=== Begin Enclosure ===
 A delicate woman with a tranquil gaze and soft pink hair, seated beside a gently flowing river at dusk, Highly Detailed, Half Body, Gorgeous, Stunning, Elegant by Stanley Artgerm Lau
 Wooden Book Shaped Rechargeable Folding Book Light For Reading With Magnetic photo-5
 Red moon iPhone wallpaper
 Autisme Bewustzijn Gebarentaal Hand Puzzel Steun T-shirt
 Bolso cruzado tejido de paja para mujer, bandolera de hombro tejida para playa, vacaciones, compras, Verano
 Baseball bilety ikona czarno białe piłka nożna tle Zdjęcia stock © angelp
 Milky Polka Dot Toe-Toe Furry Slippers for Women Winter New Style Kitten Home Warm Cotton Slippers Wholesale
=== End Enclosure ===
WHAT TO PRODUCE: Copy, exactly as written, the lines above, beginning with the one that contains "Bolso cruzado tejido" and ending with the last.

RESPONSE TO THIS TASK:
 Bolso cruzado tejido de paja para mujer, bandolera de hombro tejida para playa, vacaciones, compras, Verano
 Baseball bilety ikona czarno białe piłka nożna tle Zdjęcia stock © angelp
 Milky Polka Dot Toe-Toe Furry Slippers for Women Winter New Style Kitten Home Warm Cotton Slippers Wholesale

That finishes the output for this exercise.